# [Regular Season Game 10] Houston Rockets vs. New Orleans Hornets



## Cornholio (Feb 13, 2005)

*vs.*

*(5-4)/(5-3)*


When/Where:
*Saturday, November 15, 8:30 PM ET*


























*Brooks / McGrady / Artest / Scola / Yao*


















*Paul / Peterson / Stojakovic / West / Chandler*


_*Preview*_



> The New Orleans Hornets were thrilled to close out their three-game homestand with a win.
> 
> The Houston Rockets are just happy to come home.
> 
> ...



_*Next Games*_
vs.








vs.








vs.


----------



## Krimzon (Feb 26, 2007)

We're probably going to lose this one. Let's just make this a close game.


----------



## OneBadLT123 (Oct 4, 2005)

tmac is kickin *** this game


----------



## Legend-Like (Mar 25, 2006)

Im sorry I doubted you Von Wafer.


----------



## OneBadLT123 (Oct 4, 2005)

our defense is looking good


----------



## OneBadLT123 (Oct 4, 2005)

Man, Yao is playing like hes 40 years old out there. Makes me worried


----------



## OneBadLT123 (Oct 4, 2005)

so far so good.
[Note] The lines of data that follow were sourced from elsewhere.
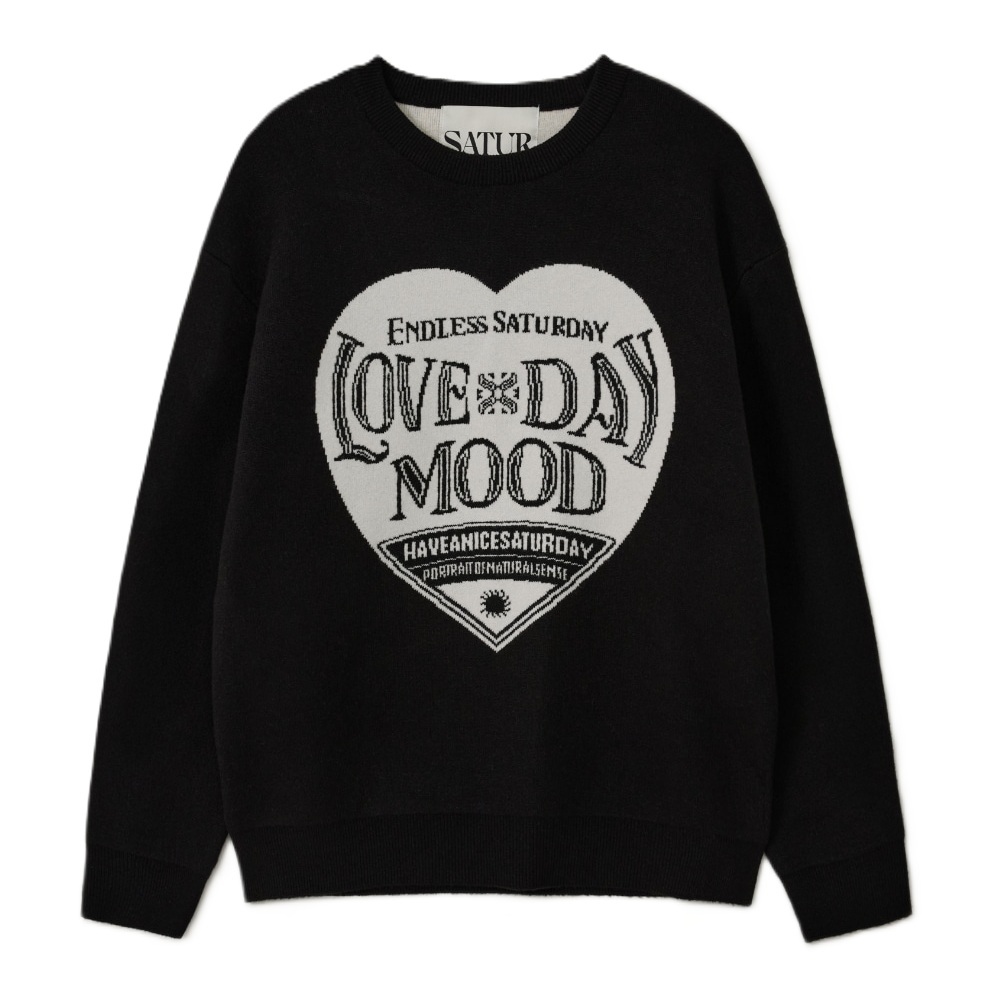 【6】SATUR Saturday Tetro Mood Pullover Knit - 黑色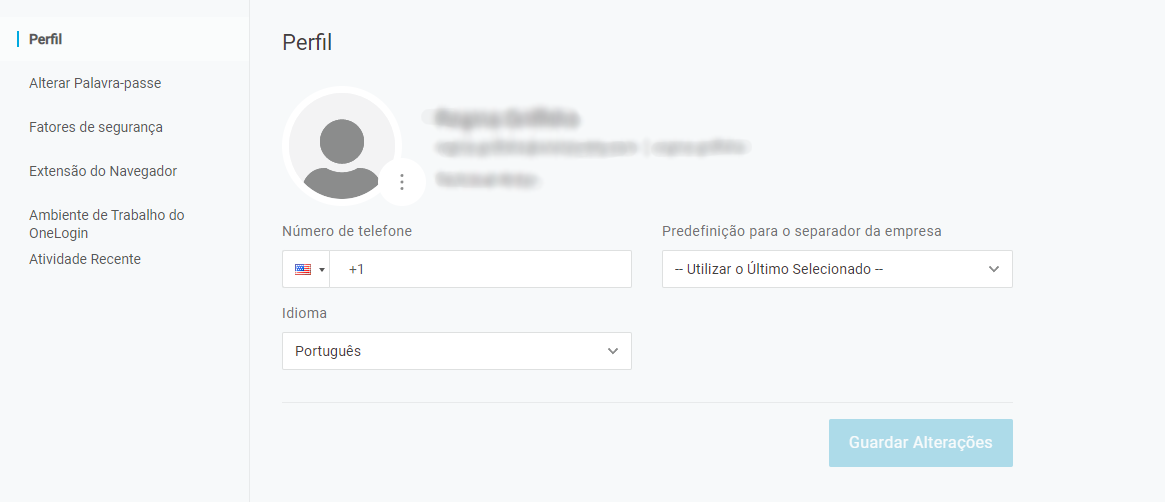 Screenshot of the User Profile in Portugese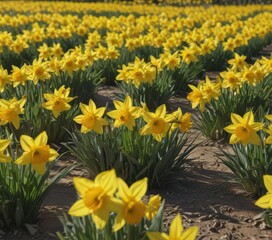Sunlit field of vibrant yellow daffodils in full bloom, petals glistening ,  nature photography,  spring,  macro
Yao picking it up


----------



## OneBadLT123 (Oct 4, 2005)

our offense is starting to look good


----------



## OneBadLT123 (Oct 4, 2005)

Tyson Chandler really needs to thank Chris Paul for making his career relevant.


----------



## Legend-Like (Mar 25, 2006)

Im so afraid of losing this lead. hopefully we can maintain it.


----------



## Cornholio (Feb 13, 2005)

Did we lead the score the entire game?


----------



## Spaceman Spiff (Aug 2, 2006)

Nice win, need to see better offense though.


----------



## CrackerJack (Jul 2, 2005)

3 very winnable games coming up, i hope the rox can get a strreak going


----------



## Hakeem (Aug 12, 2004)

At this point McGrady is only valuable in the post. He can no longer make wide open threes with any consistency. 

We do well when Yao is the clear-cut first option, Artest only shoots when he has to (ie broken plays, open looks, mismatches), and McGrady sets up plays and acts as second option. When Yao goes off, McGrady needs to play in the post (which, unlike beating his man off the dribble to go to the rim, he actually seems comfortable and able to do).


----------



## Dean the Master (Feb 19, 2006)

It's good that they didn't let this one slip away like yesterday's. Rockets really need to know how to close the game. I know we won this one, but we can't let any close game slip away which doesn't apply to this game either.


----------



## hroz (Mar 4, 2006)

Nice win.

Still cant believe we lost to a Manu & Parkerless Spurs though............

Giving up 1 14 point lead in the 4th Q is just embarrassing.


----------



## mtlk (Apr 25, 2005)

great defence form the Rockets.
Hayes defense last night against the Hornets was awsome.
goodbuy Luther, welcome Wafer.


----------